Proving the Invertibility of Composed One-to-One Functions

[John O' Meara]

Homework Statement

Prove: if f and g are one-to-one (i.e., invertible), then so is the composition $$f \circ g$$

Homework Equations

I think you prove that the composition f o g has an inverse? As, a function has an inverse if and only if it is one-to-one.

The Attempt at a Solution

$$(f \circ g)^{-1}((f \circ g)(x))=x\\ (f \circ g)((f \circ g)^{-1}(x))=x. \\ (f \circ g)^{-1}((f \circ g)(x))= (f(g(x)))^{-1}(f(g(x))) = f^{-1}(g(x)^{-1})(f(g(x)))$$. I wonder can I do just what I have just done? Help gratefully received, thank you.

 

[JG89]

The Attempt at a Solution

$$(f \circ g)^{-1}((f \circ g)(x))=x\\ (f \circ g)((f \circ g)^{-1}(x))=x. \\ (f \circ g)^{-1}((f \circ g)(x))= (f(g(x)))^{-1}(f(g(x))) = f^{-1}(g(x)^{-1})(f(g(x)))$$. I wonder can I do just what I have just done? Help gratefully received, thank you.

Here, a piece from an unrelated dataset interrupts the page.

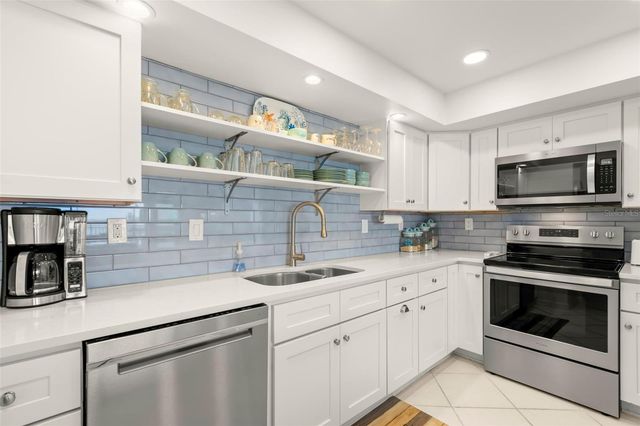 1848 SHORE DRIVE S 402, South Pasadena, FL 33707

You can't assume f(g(x)) is invertible, because just as you said, a function is invertible if and only if it is one to one, so your assumption is equivalent to what you are trying to prove.

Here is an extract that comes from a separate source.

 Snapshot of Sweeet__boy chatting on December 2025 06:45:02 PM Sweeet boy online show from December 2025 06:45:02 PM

Remember that g(x) is one to one if and only if g(a) = g(b) implies a = b, for any a, b in the domain of g.

Can you prove that f(g(x)) is one to one now?

 

[John O' Meara]

I didn't know that "g(x) is one to one if and only if g(a)=g(b), etc,". I know that if (a,b)is a point on the graph of y=g(x) then b=g(a), which is equivalent to the statement that $$a=g^{-1}(b)$$, which means that (b,a) is a point on the graph of g_inverse. And that then g and g_inverse are symmetrical about the line y=x.

 

[JG89]

Yes but you're trying to prove that f(g(x)) is one-to-one.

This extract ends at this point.